1 ноября автор читал роман у Вяземских, в числе гостей был и Жуковский, приехавший специально из Царского Села. На другой день Вяземский написал два письма, в которых упоминает об этом событии. А. И. Тургеневу: «Вечером Пушкин читал у меня новый роман «Капитанская дочка», повесть времен пугачевщины. Много интереса, движения, простоты. Он будет весь напечатан в № 4 «Современника»»; И. И. Дмитриеву: «Есть главы превосходные и вообще много живости исторической и нравонаблюдательности». Роман похвалили и братья Виельгорские, бывшие у Вяземских… В ноябре Пушкин уже держал корректуру романа в «Современнике»; после 22 декабря книжку начали рассылать подписчикам. В восторг пришел Одоевский, радовались в семействе Карамзиных. На годичном акте Академии наук 30 декабря Пушкин встретил давнего литературного недруга Н. И. Греча, на которого никогда зла не держал. Поблагодарив его за роман, Греч сказал: «Что за прелесть вы подарили нам! <…> Ваша «Капитанская дочка» чудо как хороша. Только зачем это вы, батюшка, дворовую девку свели в этой повести с гувернером. Ведь книгу-то наши дочери будут читать!» «Давайте, давайте им читать!» — улыбнулся в ответ Пушкин…
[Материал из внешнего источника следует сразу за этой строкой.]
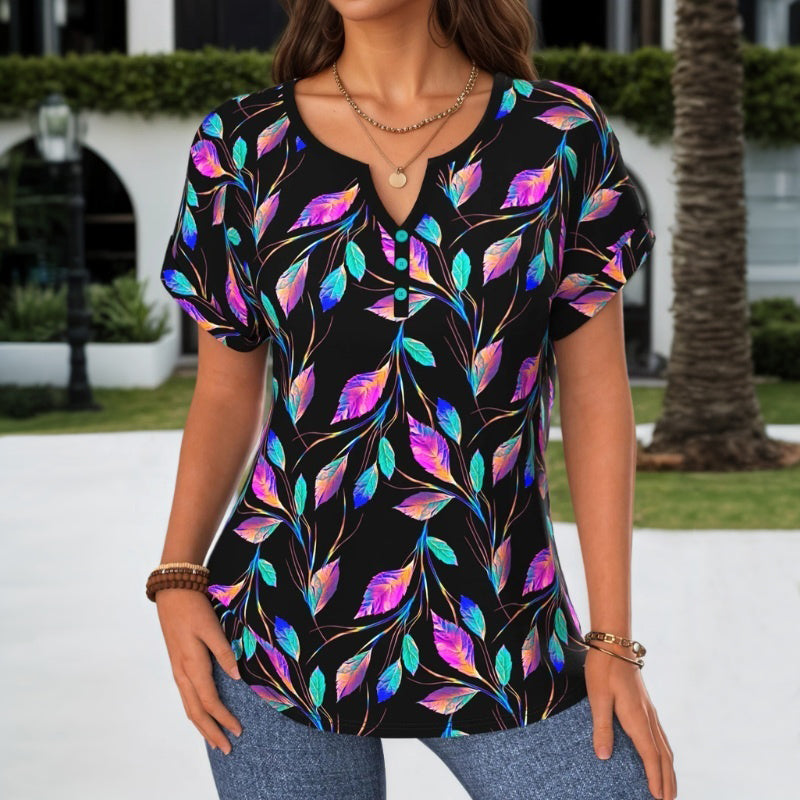 Blouse with Colorful Leaf Print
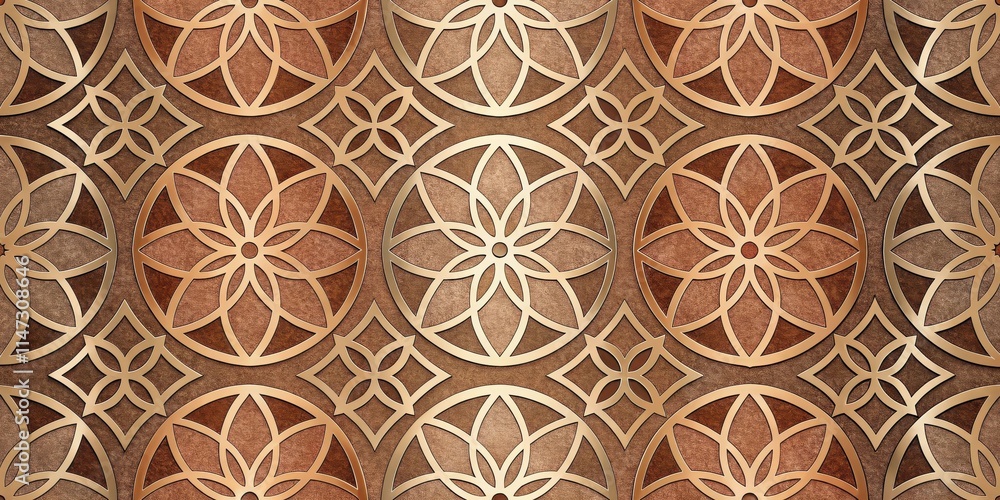 Aufkleber intricate circular patterns with geometric flower motifs in a rich brown hue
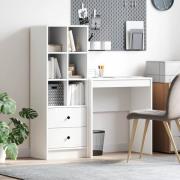vidaXL Skrivbord med låda med hylla med lagring 2 pcs Vit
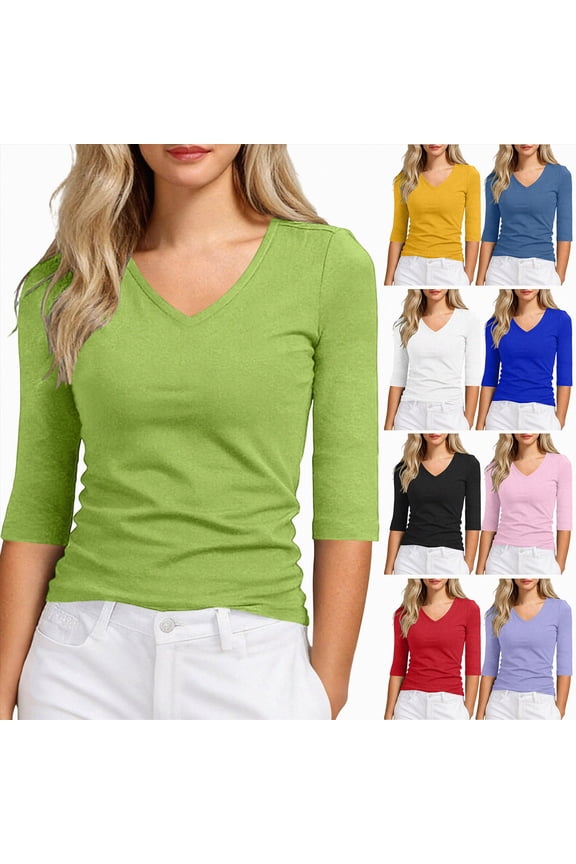Women's V Neck T Shirts Slim Fitted Half Sleeve Tops Basic Tees (Light Purple, XXL)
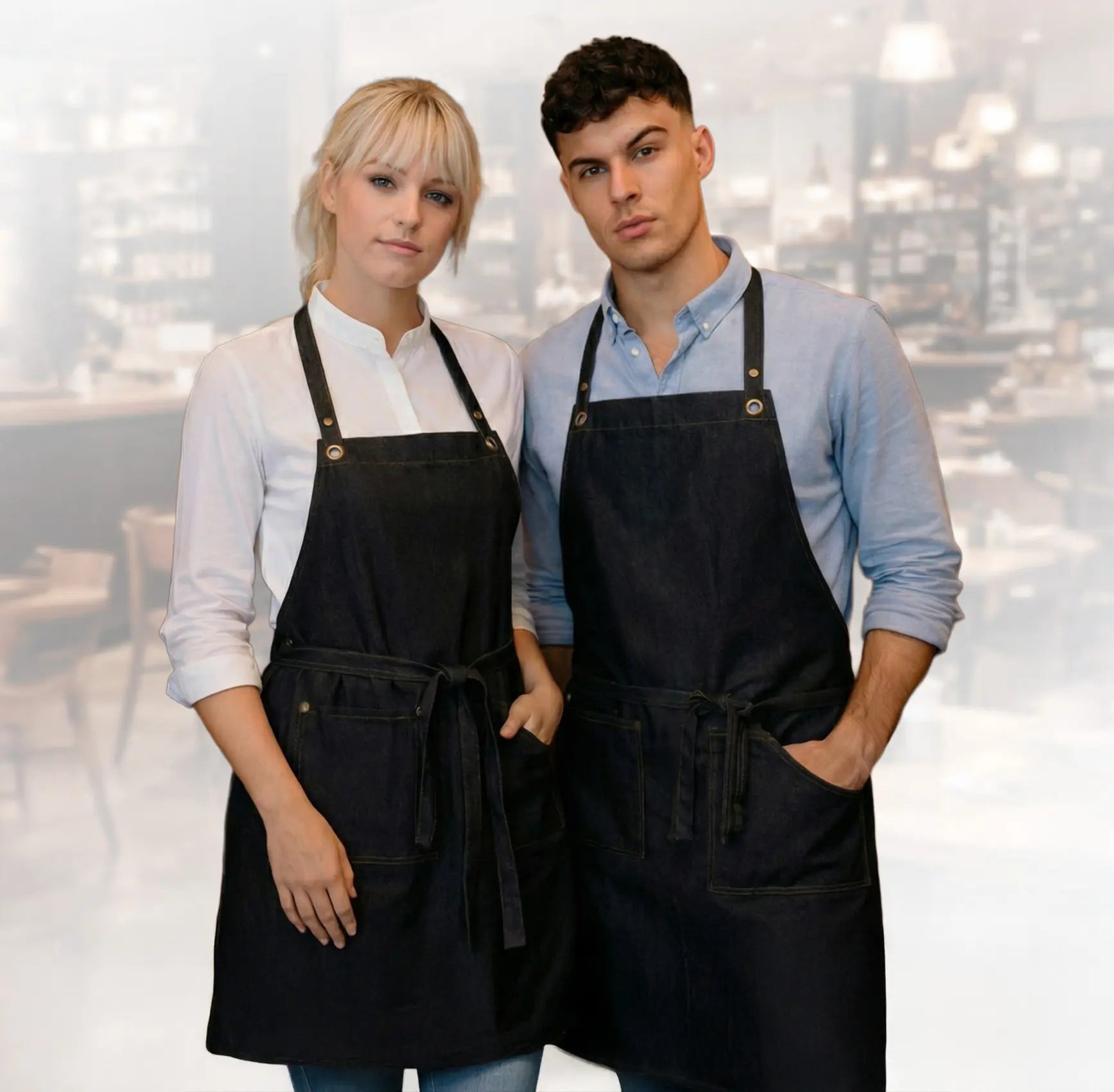 2 models wearing hospitality aprons
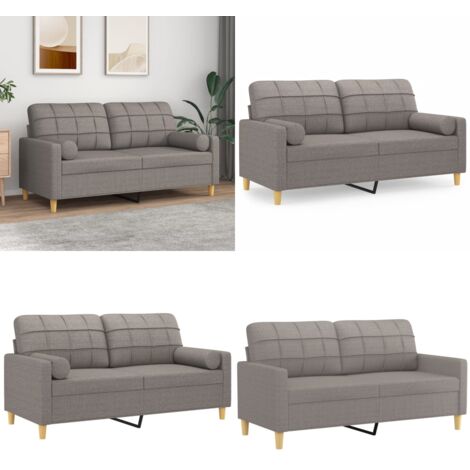 Divano a 2 Posti con Cuscini Tortora 140 cm in Tessuto - Cuscino decorativo - Tessuto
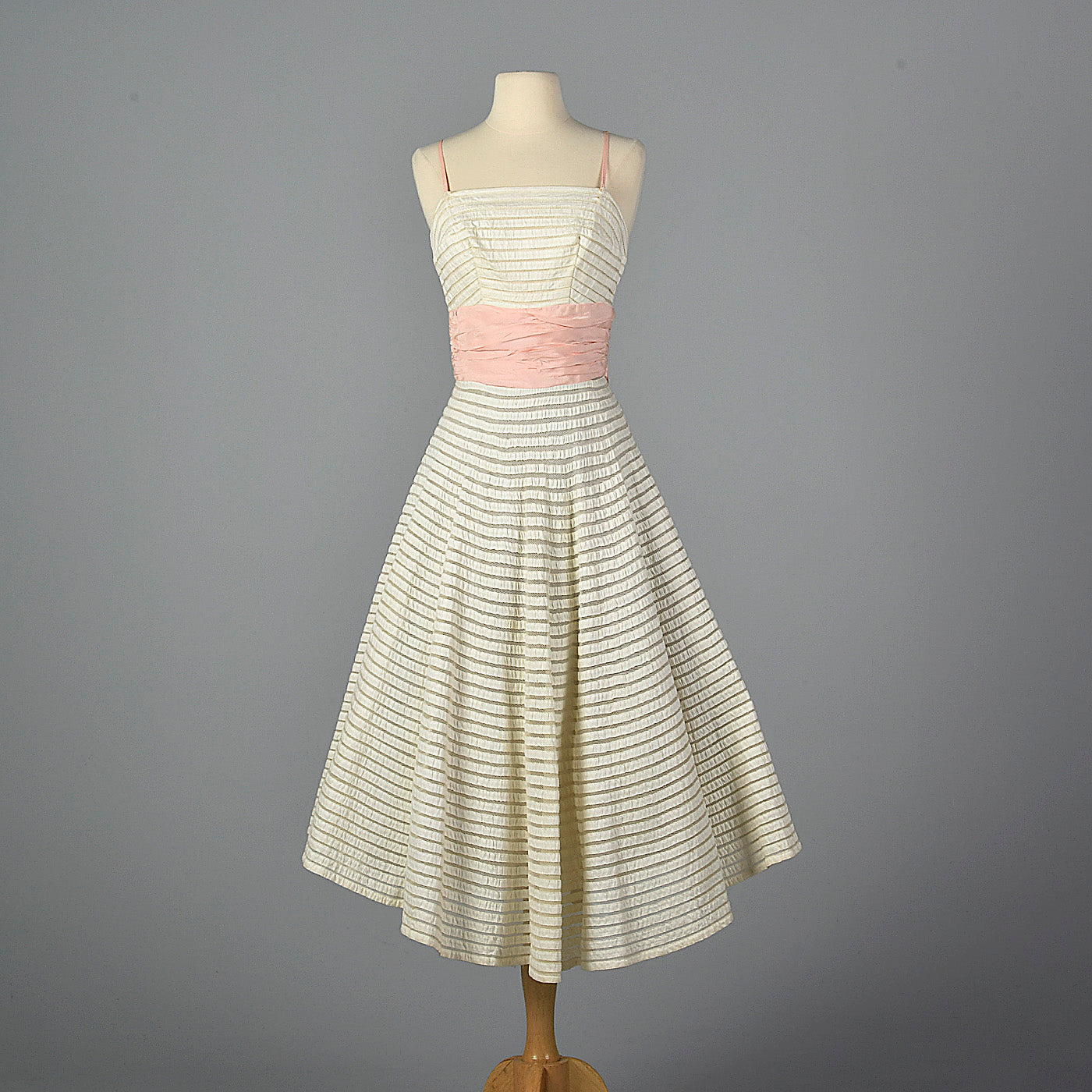 1950s White Party Dress with Sheer Mesh Stripes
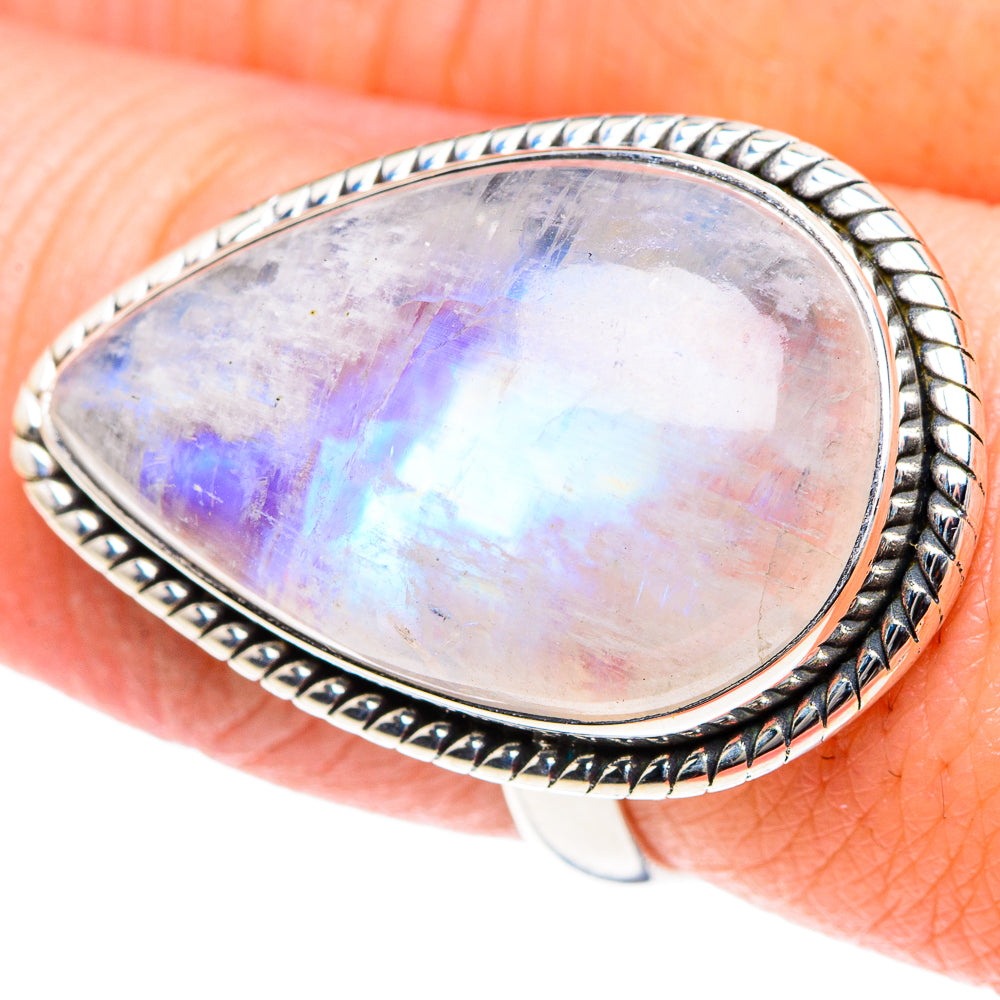 Rainbow Moonstone Rings handcrafted by Ana Silver Co - RING93504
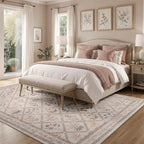 DCX Washable 5x7 Rose Biege Floral Rug - Image 3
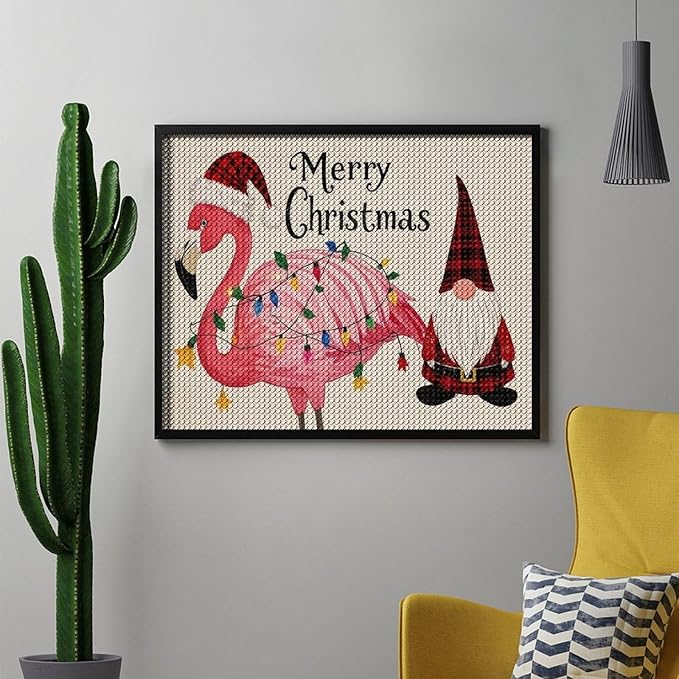 AIVKIEJK Diamond Painting Kits for Adults - Festive Flamingo Christmas Santa Hat Painting DIY 5D Full Drill Diamond Dots Paintings with Diamonds Gem Art and Crafts Home Decor 16"x20"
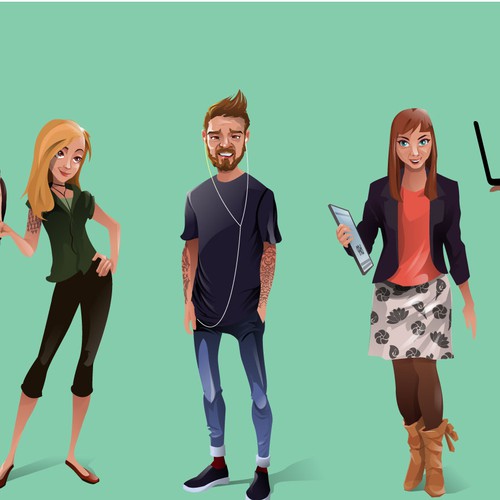 Work design with the title 'Bussines people'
Но в печати ни одного слова о своем последнем романе он не увидел. Первое упоминание о нем появилось на другой день после смерти Пушкина. Все восторженные отзывы о «Капитанской дочке» можем читать мы с вами, но не мог читать автор.

«Ворон к ворону летит»

В середине октября в Петербург из Москвы приехал князь И. С. Гагарин, имя которого еще придется упоминать в этой книге по печальному поводу. В данном случае он выступил доверенным лицом Чаадаева, передав Пушкину брошюру — отдельный оттиск из журнала «Телескоп» (1836, № 15) со статьей Чаадаева «Философические письма к г-же***. Письмо 1». Таких оттисков было сделано всего несколько — один из них Чаадаев срочно послал Пушкину. С текстом, помещенным в «Телескопе» по-русски, поэт уже был знаком во французском оригинале — с 1831 г., когда Чаадаев передал ему «Философические письма» в надежде на помощь с опубликованием. В данном случае удивителен для Пушкина был не столько сам текст, отчасти потерявший в переводе и напечатанный с некоторыми купюрами, сколько невиданное чудо — произведение Чаадаева, победив цензуру, вышло в свет на русском языке! Дальнейшие события хорошо известны: Чаадаев повелением императора был объявлен сумасшедшим, издатель журнала Н. И. Надеждин выслан, цензор А. В. Болдырев уволен, а сам журнал запрещен. Кстати, и Белинский остался без работы.